▸ Work to be completed: Each record below should be returned exactly, with its pictures left out.

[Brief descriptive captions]
/---
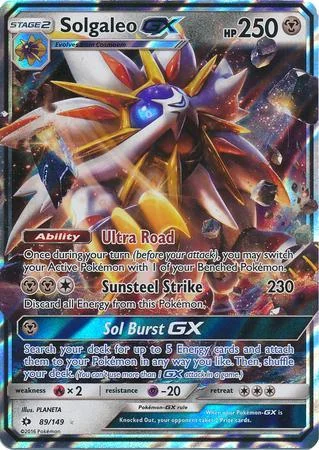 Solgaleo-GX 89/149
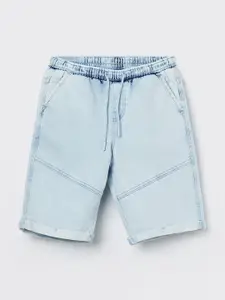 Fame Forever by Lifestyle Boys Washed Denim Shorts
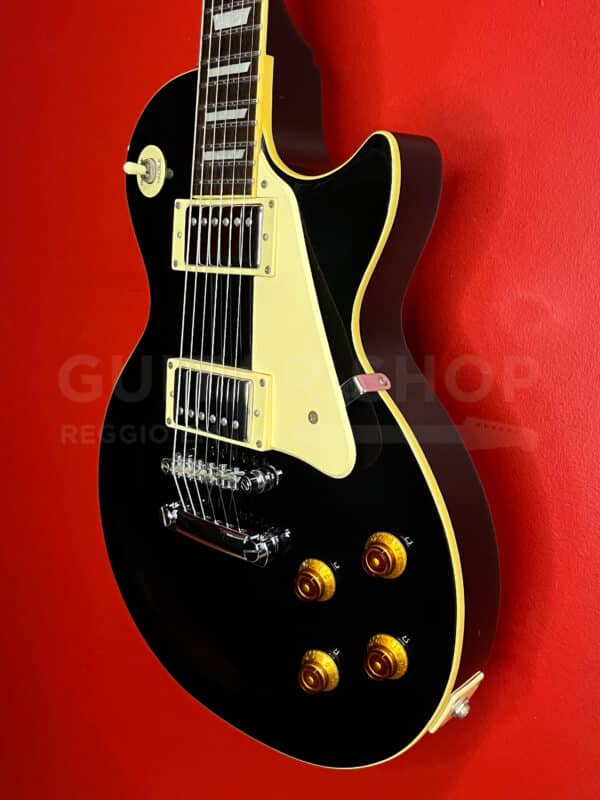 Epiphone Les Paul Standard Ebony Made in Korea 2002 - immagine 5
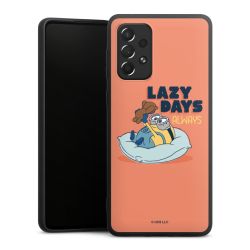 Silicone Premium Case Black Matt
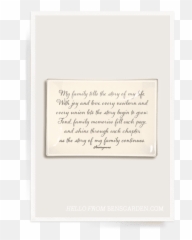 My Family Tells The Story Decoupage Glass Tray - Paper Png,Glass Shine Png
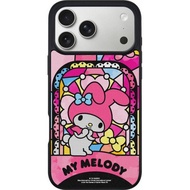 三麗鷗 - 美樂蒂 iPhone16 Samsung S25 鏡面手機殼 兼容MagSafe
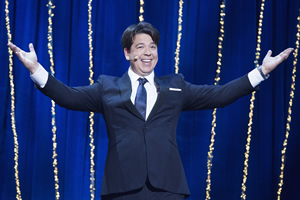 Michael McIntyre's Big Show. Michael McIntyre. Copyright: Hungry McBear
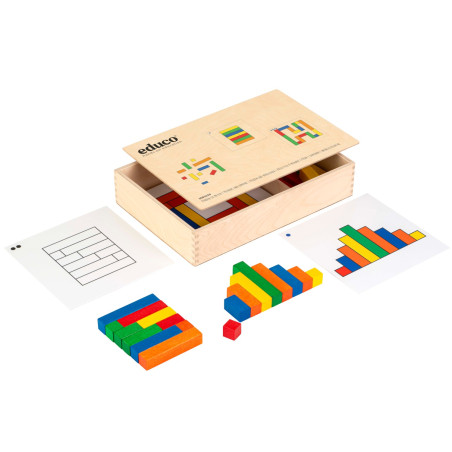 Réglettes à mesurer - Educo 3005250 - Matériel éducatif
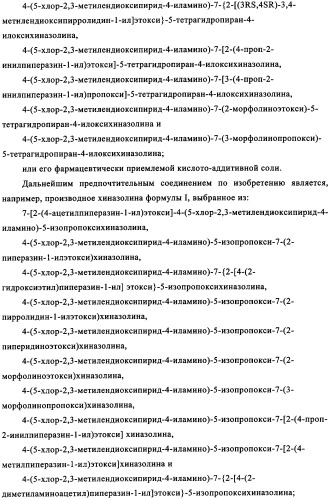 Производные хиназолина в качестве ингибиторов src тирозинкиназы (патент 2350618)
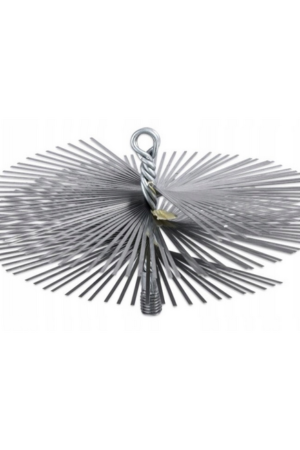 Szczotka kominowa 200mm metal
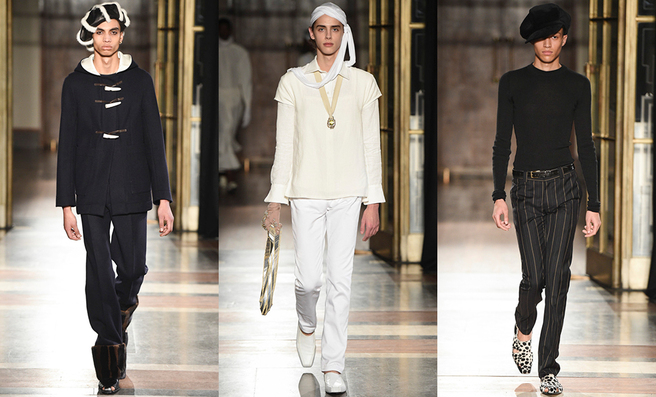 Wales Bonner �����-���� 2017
\---
▸ Final answer:
 Solgaleo-GX 89/149
 Fame Forever by Lifestyle Boys Washed Denim Shorts
 Epiphone Les Paul Standard Ebony Made in Korea 2002 - immagine 5
 Silicone Premium Case Black Matt
 My Family Tells The Story Decoupage Glass Tray - Paper Png,Glass Shine Png
 三麗鷗 - 美樂蒂 iPhone16 Samsung S25 鏡面手機殼 兼容MagSafe
 Michael McIntyre's Big Show. Michael McIntyre. Copyright: Hungry McBear
 Réglettes à mesurer - Educo 3005250 - Matériel éducatif
 Производные хиназолина в качестве ингибиторов src тирозинкиназы (патент 2350618)
 Szczotka kominowa 200mm metal
 Wales Bonner �����-���� 2017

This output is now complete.